SUPPLIED RECORDS:
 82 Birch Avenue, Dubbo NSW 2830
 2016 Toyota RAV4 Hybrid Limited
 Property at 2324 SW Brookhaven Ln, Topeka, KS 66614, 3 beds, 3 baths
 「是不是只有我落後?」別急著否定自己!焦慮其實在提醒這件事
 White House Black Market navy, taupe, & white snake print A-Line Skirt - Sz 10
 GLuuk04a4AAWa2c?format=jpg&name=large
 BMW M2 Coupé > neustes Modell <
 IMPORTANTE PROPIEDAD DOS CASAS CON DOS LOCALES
...
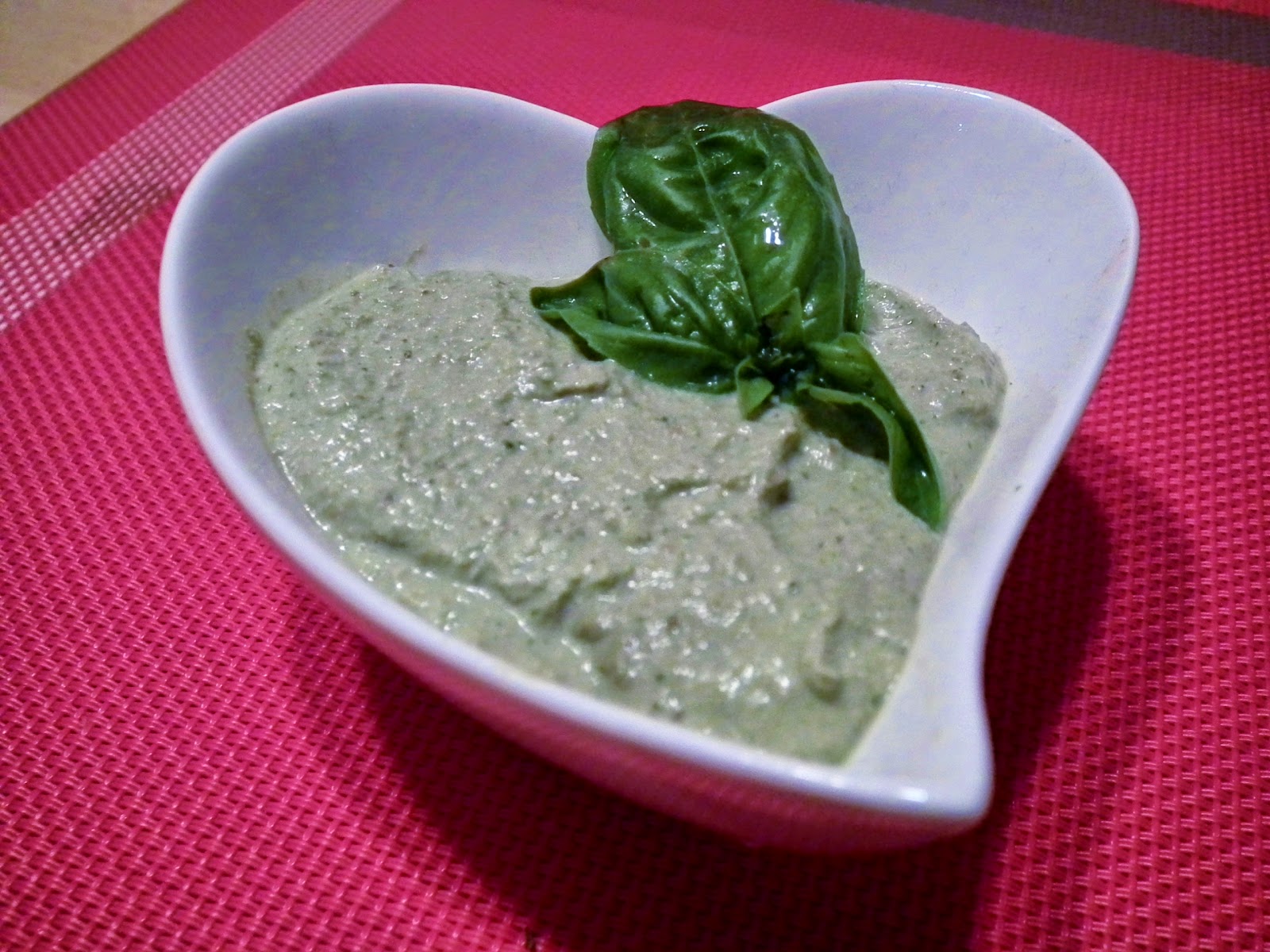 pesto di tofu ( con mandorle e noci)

INSTRUCTIONS FOR THE TASK: Working from the material above, retype exactly the lines from the one with "82 Birch Avenue, Dubbo NSW 2830" through the one with "IMPORTANTE PROPIEDAD DOS", both included, and only those lines.

REPLY TO THE TASK:
 82 Birch Avenue, Dubbo NSW 2830
 2016 Toyota RAV4 Hybrid Limited
 Property at 2324 SW Brookhaven Ln, Topeka, KS 66614, 3 beds, 3 baths
 「是不是只有我落後?」別急著否定自己!焦慮其實在提醒這件事
 White House Black Market navy, taupe, & white snake print A-Line Skirt - Sz 10
 GLuuk04a4AAWa2c?format=jpg&name=large
 BMW M2 Coupé > neustes Modell <
 IMPORTANTE PROPIEDAD DOS CASAS CON DOS LOCALES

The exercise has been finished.